再びシアターグリーンに戻り、ソ・ヨンラン『地の神は不完全に現わる』。予想と全然違って実際「不完全」感はあったけども、この「隙」のある感じは好きというか、好感度は高かった。「好感度が高い」という話を偶然観にいらしていた岡田さんに話したら「好感度が高い、っていう基準はアリなんだ?」と笑われたけども、まあ批評言語としては成立しないとしても、とりあえずの「ある感触」を自分の中に繋ぎ留めておくための言葉として使っているのだと思う、たぶん。でも同じことを英語で伝えようとする時には「intimacy」という言葉が出てきたので、「親密さ」と言ったほうがより正確なのかもしれない。

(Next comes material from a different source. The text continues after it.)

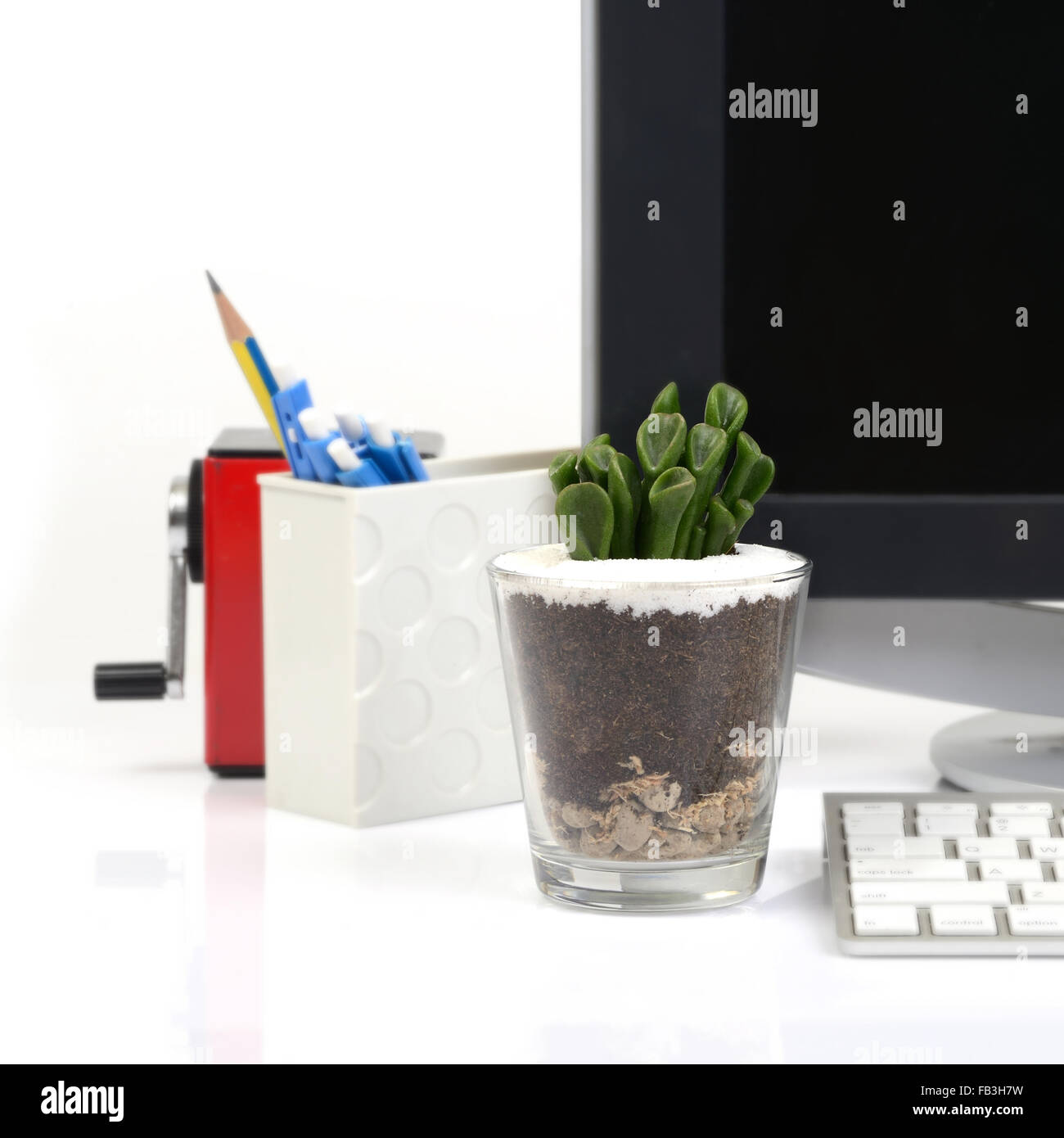 Small Cactus In Glass On Office Desk Make Be Close To Nature Stock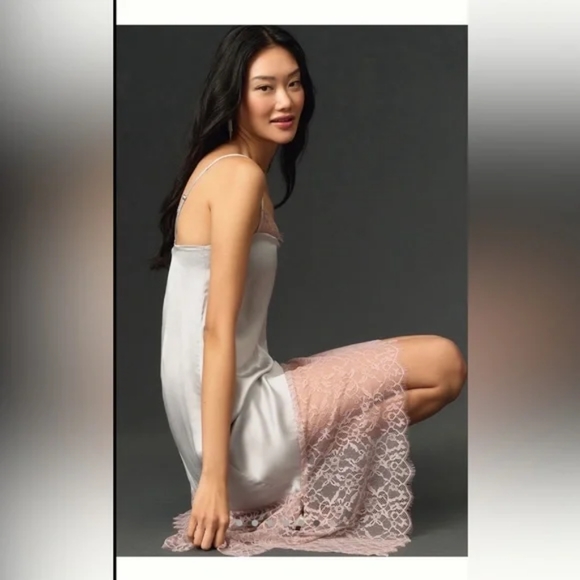 NWT Anthropologie Lace-Trimmed Dress Silver Size 8 - Picture 2 of 8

例えば日本の石焼き芋屋と、韓国の移動式屋台とを重ね合わせるくだりに、わたしはintimacyを感じてグッと来たのだった。あるいはスタッフたちも出てきて「ダンス、音楽、はい、いいえ」などの言葉を使ってゲームをやる場面とかの、微笑ましい感じとか……。まあそんなわけで全体的に好感度は高かったし、韓国の天地創造(発見)的な神話への想像力を掻き立てられた。ただし、どの場面も「やってみました」レベルで留まっているようにも見えた。それぞれのモチーフをもっと深く掘り下げていくと、それこそ「神」レベルのものが立体的に現れてくるのじゃないかなあ……。